Homework 4: Shadow Volumes & Shaders & Color

There are three separate parts to this assignment. To earn "full credit" for this assignment you only need to complete one of the parts to earn "full credit" for this assignment. Homework 4 is worth fewer total points than Homework 1, Homework 2, and Homework 3 (because you should be spending most of your time on your final project). If you would like to earn extra credit for your overall homework grade, you can complete two of the three parts, or all three parts of this assignment.

The goal of this assignment is to become familiar with both classic graphics hardware (the stencil buffer), programmable geometry & pixel shaders on a modern GPU, and/or human perception & color spaces.

PART 1: Stencil Buffer, Real-Time Mirror, & Shadow Volumes

NOTE: Using the stencil buffer for mirror and shadow volumes rendering on the Mac M-series ARM chip is incomplete.
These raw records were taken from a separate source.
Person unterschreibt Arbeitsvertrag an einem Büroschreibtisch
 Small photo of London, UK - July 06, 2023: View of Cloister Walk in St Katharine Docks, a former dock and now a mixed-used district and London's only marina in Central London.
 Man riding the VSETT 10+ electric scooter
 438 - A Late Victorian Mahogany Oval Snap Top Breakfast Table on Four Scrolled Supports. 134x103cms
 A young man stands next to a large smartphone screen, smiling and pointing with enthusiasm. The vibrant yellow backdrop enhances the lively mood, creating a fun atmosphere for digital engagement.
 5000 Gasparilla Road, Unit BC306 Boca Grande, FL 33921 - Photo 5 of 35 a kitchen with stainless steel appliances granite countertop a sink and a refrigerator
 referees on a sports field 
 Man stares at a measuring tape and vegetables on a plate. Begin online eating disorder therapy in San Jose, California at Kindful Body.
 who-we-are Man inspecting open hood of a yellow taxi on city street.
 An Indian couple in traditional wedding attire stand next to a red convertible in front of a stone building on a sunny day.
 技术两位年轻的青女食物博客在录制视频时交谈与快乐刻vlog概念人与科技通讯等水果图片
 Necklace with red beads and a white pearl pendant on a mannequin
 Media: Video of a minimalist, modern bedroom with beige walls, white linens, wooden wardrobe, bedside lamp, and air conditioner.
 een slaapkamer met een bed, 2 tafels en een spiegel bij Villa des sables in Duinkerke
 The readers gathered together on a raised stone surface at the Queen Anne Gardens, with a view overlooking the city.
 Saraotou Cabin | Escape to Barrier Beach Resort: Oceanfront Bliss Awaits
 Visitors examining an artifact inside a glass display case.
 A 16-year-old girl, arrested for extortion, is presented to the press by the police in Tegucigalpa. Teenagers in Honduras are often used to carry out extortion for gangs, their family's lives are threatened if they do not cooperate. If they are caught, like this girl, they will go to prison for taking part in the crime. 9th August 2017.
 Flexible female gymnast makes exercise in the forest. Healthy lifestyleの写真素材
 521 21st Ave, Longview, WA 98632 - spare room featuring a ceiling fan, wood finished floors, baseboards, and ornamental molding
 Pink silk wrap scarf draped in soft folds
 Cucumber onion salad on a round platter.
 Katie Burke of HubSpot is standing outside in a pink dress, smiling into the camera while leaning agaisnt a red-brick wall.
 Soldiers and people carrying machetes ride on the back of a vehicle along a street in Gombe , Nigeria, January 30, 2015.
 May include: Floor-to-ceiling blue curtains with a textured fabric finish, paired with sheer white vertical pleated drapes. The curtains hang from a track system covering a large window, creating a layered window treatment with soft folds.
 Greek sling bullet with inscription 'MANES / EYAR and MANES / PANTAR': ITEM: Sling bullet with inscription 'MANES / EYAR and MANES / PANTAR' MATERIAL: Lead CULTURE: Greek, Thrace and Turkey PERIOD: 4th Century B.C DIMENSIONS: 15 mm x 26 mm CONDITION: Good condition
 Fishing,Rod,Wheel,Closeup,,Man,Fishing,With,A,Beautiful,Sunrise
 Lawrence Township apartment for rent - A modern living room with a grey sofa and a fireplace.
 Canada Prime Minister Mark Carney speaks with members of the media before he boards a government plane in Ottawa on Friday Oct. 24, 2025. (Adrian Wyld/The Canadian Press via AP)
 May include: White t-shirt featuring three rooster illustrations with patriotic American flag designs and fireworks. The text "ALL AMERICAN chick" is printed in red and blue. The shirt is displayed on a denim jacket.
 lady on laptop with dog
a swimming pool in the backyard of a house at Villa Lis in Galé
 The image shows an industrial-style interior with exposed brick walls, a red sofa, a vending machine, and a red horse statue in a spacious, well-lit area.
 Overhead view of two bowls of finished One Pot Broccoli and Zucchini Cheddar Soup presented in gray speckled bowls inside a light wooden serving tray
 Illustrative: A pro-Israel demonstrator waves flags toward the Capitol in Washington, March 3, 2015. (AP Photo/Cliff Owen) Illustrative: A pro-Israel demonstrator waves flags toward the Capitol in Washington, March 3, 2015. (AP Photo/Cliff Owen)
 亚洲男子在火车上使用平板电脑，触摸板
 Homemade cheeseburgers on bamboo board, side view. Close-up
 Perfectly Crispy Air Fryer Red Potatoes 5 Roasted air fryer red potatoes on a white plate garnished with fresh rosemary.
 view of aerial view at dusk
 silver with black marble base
Students who only have access to an M-series ARM Mac should probably not attempt this portion of the assignment.

• The provided OpenGL code for this assignment will load an .obj into a scene. An appropriately sized quad that represents the floor is placed beneath the object and an appropriately sized quad that represent the mirror is placed to the left of the object. A yellow point above the object represents the position of a point light source. Pressing 'a' will toggle animation of this light, moving it in a circle above the object. Pressing the space bar will move the light one step along this path.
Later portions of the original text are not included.